→ EXERCISE: Every line in the listing is to be echoed verbatim.

→ ENTRIES PROVIDED:
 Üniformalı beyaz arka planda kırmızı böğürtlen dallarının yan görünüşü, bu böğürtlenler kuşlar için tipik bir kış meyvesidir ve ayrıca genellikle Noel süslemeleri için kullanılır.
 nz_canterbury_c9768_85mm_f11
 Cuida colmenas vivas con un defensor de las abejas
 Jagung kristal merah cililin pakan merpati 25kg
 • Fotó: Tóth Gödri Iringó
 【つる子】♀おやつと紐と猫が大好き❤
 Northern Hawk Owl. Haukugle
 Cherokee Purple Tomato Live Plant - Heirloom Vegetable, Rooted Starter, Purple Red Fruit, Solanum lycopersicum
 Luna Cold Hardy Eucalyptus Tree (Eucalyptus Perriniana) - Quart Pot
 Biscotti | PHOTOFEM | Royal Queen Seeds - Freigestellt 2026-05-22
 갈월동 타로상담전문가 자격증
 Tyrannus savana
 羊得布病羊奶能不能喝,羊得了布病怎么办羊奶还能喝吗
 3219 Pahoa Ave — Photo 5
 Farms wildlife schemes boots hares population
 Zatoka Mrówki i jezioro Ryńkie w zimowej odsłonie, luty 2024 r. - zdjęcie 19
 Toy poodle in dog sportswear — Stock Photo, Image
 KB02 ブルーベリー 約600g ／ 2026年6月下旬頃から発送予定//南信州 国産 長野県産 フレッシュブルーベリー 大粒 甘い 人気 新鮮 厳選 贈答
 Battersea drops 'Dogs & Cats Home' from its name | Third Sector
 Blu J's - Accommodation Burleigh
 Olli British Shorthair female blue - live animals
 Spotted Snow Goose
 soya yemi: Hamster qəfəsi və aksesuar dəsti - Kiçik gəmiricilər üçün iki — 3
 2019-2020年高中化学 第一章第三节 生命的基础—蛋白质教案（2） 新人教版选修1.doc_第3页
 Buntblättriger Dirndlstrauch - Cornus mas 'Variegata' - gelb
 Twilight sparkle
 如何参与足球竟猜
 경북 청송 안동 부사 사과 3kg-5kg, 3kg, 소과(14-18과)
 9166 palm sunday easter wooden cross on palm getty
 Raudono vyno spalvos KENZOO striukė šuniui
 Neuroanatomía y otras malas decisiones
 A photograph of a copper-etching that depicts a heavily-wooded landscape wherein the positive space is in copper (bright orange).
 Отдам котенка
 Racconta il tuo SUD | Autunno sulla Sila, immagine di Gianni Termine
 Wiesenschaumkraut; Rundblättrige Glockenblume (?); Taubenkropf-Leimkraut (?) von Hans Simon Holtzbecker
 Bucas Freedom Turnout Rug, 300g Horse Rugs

→ OUTPUT:
 Üniformalı beyaz arka planda kırmızı böğürtlen dallarının yan görünüşü, bu böğürtlenler kuşlar için tipik bir kış meyvesidir ve ayrıca genellikle Noel süslemeleri için kullanılır.
 nz_canterbury_c9768_85mm_f11
 Cuida colmenas vivas con un defensor de las abejas
 Jagung kristal merah cililin pakan merpati 25kg
 • Fotó: Tóth Gödri Iringó
 【つる子】♀おやつと紐と猫が大好き❤
 Northern Hawk Owl. Haukugle
 Cherokee Purple Tomato Live Plant - Heirloom Vegetable, Rooted Starter, Purple Red Fruit, Solanum lycopersicum
 Luna Cold Hardy Eucalyptus Tree (Eucalyptus Perriniana) - Quart Pot
 Biscotti | PHOTOFEM | Royal Queen Seeds - Freigestellt 2026-05-22
 갈월동 타로상담전문가 자격증
 Tyrannus savana
 羊得布病羊奶能不能喝,羊得了布病怎么办羊奶还能喝吗
 3219 Pahoa Ave — Photo 5
 Farms wildlife schemes boots hares population
 Zatoka Mrówki i jezioro Ryńkie w zimowej odsłonie, luty 2024 r. - zdjęcie 19
 Toy poodle in dog sportswear — Stock Photo, Image
 KB02 ブルーベリー 約600g ／ 2026年6月下旬頃から発送予定//南信州 国産 長野県産 フレッシュブルーベリー 大粒 甘い 人気 新鮮 厳選 贈答
 Battersea drops 'Dogs & Cats Home' from its name | Third Sector
 Blu J's - Accommodation Burleigh
 Olli British Shorthair female blue - live animals
 Spotted Snow Goose
 soya yemi: Hamster qəfəsi və aksesuar dəsti - Kiçik gəmiricilər üçün iki — 3
 2019-2020年高中化学 第一章第三节 生命的基础—蛋白质教案（2） 新人教版选修1.doc_第3页
 Buntblättriger Dirndlstrauch - Cornus mas 'Variegata' - gelb
 Twilight sparkle
 如何参与足球竟猜
 경북 청송 안동 부사 사과 3kg-5kg, 3kg, 소과(14-18과)
 9166 palm sunday easter wooden cross on palm getty
 Raudono vyno spalvos KENZOO striukė šuniui
 Neuroanatomía y otras malas decisiones
 A photograph of a copper-etching that depicts a heavily-wooded landscape wherein the positive space is in copper (bright orange).
 Отдам котенка
 Racconta il tuo SUD | Autunno sulla Sila, immagine di Gianni Termine
 Wiesenschaumkraut; Rundblättrige Glockenblume (?); Taubenkropf-Leimkraut (?) von Hans Simon Holtzbecker
 Bucas Freedom Turnout Rug, 300g Horse Rugs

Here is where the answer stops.